The defeat highlighted two big concerns for Denver.
Nikola Jokic finished with 16 points, 13 rebounds and seven assists, but his team was just plus-two with him on the floor in 32 minutes. As great as Jokic is on offense, he can be a clear liability on defense. On multiple occasions, the Jazz looked to exploit Jokic's lack of speed when he was farther away from the basket.
Isaiah Thomas is effectively in the same boat, with his nagging hip injuries clearly robbing some of the athleticism that made him so dangerous with the Boston Celtics. Thomas had four points and zero assists in 11 minutes and owned the worst plus-minus (minus-10) of any Nuggets player.
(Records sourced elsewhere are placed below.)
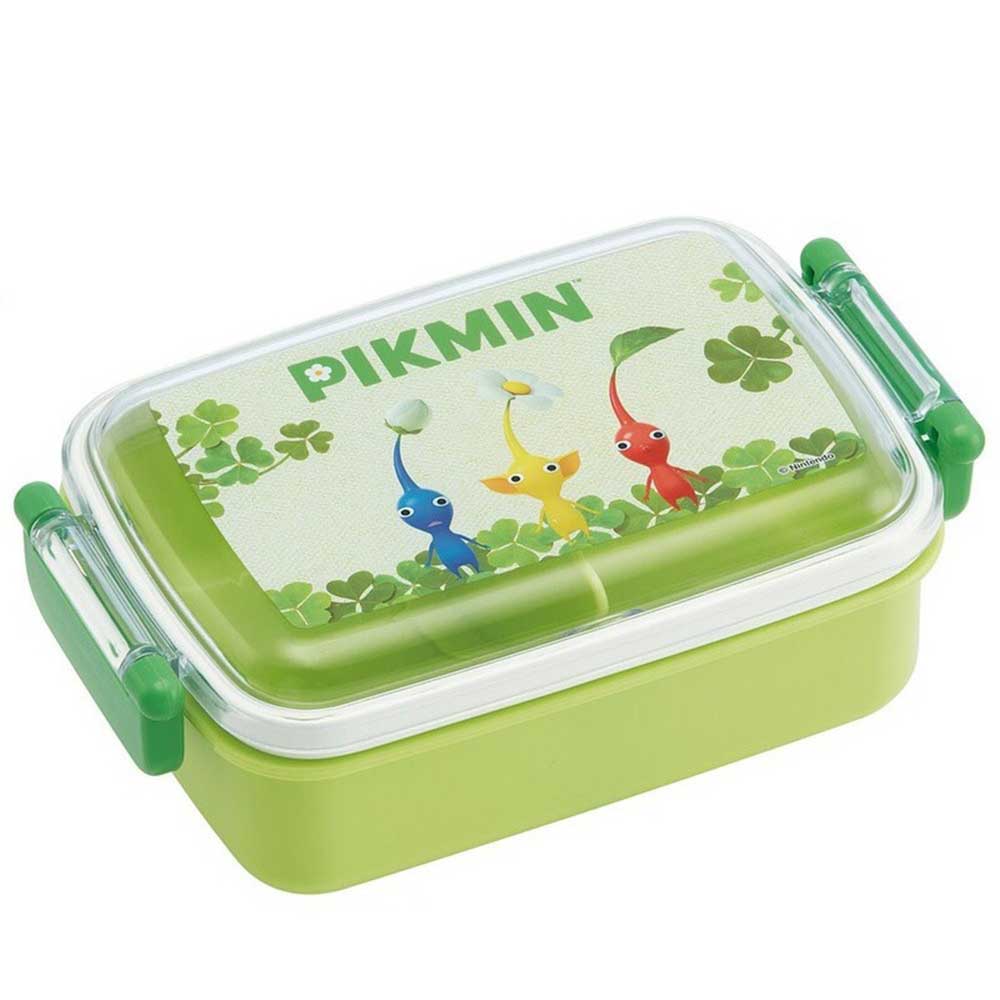 楽天市場】ピクミン フィギュアセット(青ピクミン×3/黄ピクミン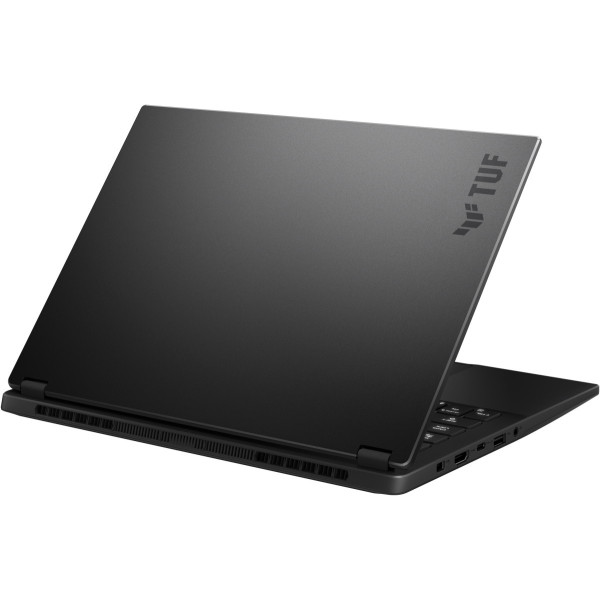 Ноутбук ASUS TUF Gaming A14 FA401WV (FA401WV-RG042)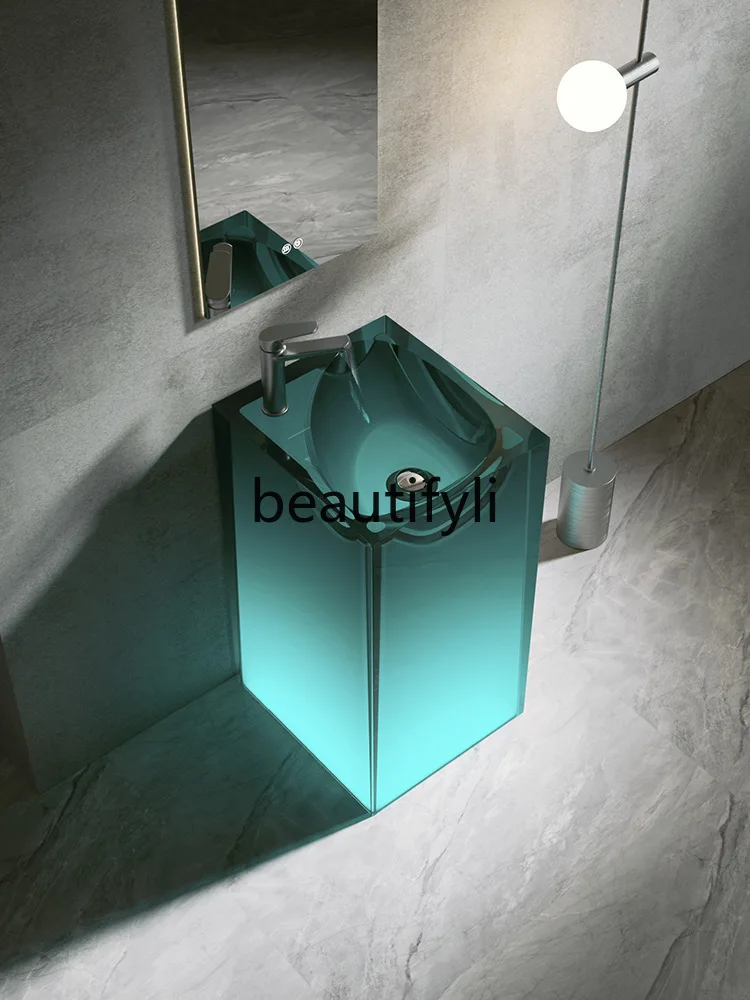 Vom Boden bis zur Decke reiche – Resin Art In Floor Bewertung und Preis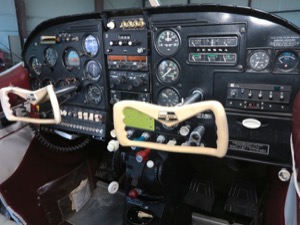 N3796Y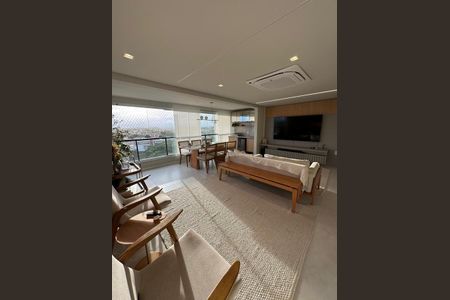 10_photo/071610a5ed.7de01f5937df8a63-ATLAS-ea1377cf-4365-4f04-9bd0-ad465db2baf3.jpg de apartamento à venda com 3 quartos, 106m² em Paralela, Salvador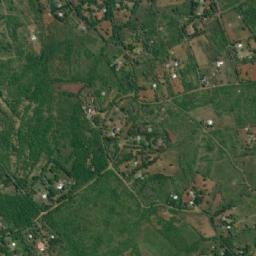 Satellite imagery of 1700600346, KE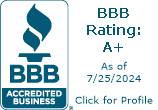 RBA Photobooths BBB Business Review
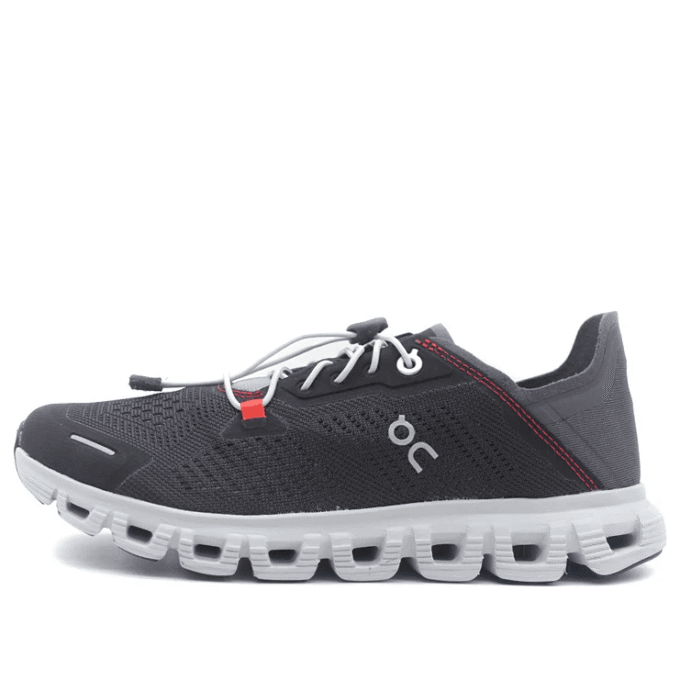 On Running x mita Cloud 6 «Küstenmagnet Sand»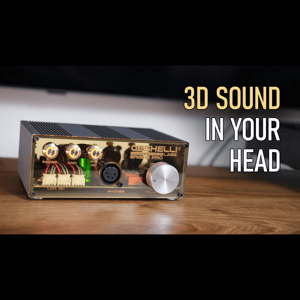 Thumbnail of the video review https://www.youtube.com/watch?v=a5Zmm6u57-8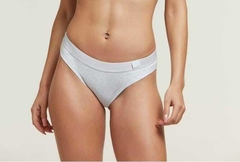 COLA LESS COTTON SELU 7377 en internet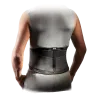 Ceinture maintien Dorsal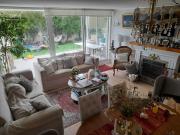 Departamento con Patio, Bosques de Montemar, Cóncón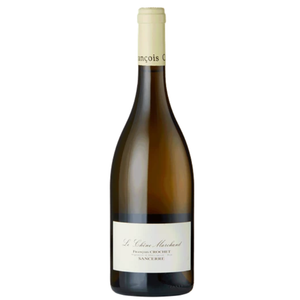 2023 Domaine François Crochet "Le Petit Chemarin" Sancerre, Loire Valley, France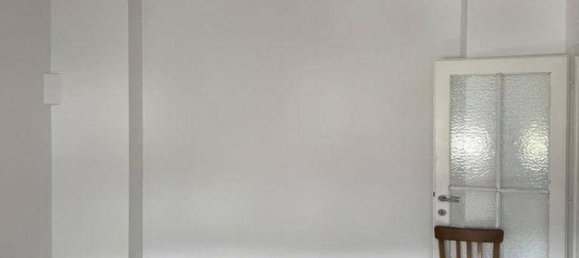 1 bedroom Apartment in Kirchschlag in der Buckligen Welt, Austria No. 166256 5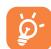 ALCATEL ONE TOUCH CHROME - Recording mode - 1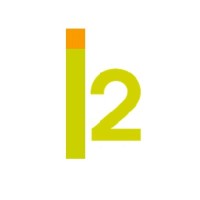 i2 Advisory Pty Ltd logo - Similar company to Jaquillard Minns Chartered Accountants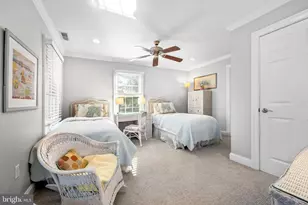 28711 Hope Cir, Easton, MD 21601 - Photo 46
If Thomas can't consistently attack opponents off the dribble, then it removes one of the biggest parts of his game.
Denver needs a lot of things to break in its favor in order to dethrone the Golden State Warriors in the Western Conference. Were the Nuggets to match up with the Warriors, it's hard to see how Jokic's defense, in particular, wouldn't be a fatal flaw.
With Thursday's win, the Jazz are now three games back of the Portland Trail Blazers for the fourth seed and 1.5 games behind the fifth-place Houston Rockets.
Utah beat the Oklahoma City Thunder in the first round of last year's playoffs, but this is a different Thunder team. Paul George is playing at an MVP-type level, and trading Carmelo Anthony was addition by subtraction for OKC.
If the Jazz can at least climb into fifth, they'd avoid a tricky postseason rematch with the Thunder.
March is shaping up to be a favorable month for Utah. Of the team's 15 games, 12 come against teams in a lottery position. While April rolls around, the Jazz might have climbed a spot or two in the West standings.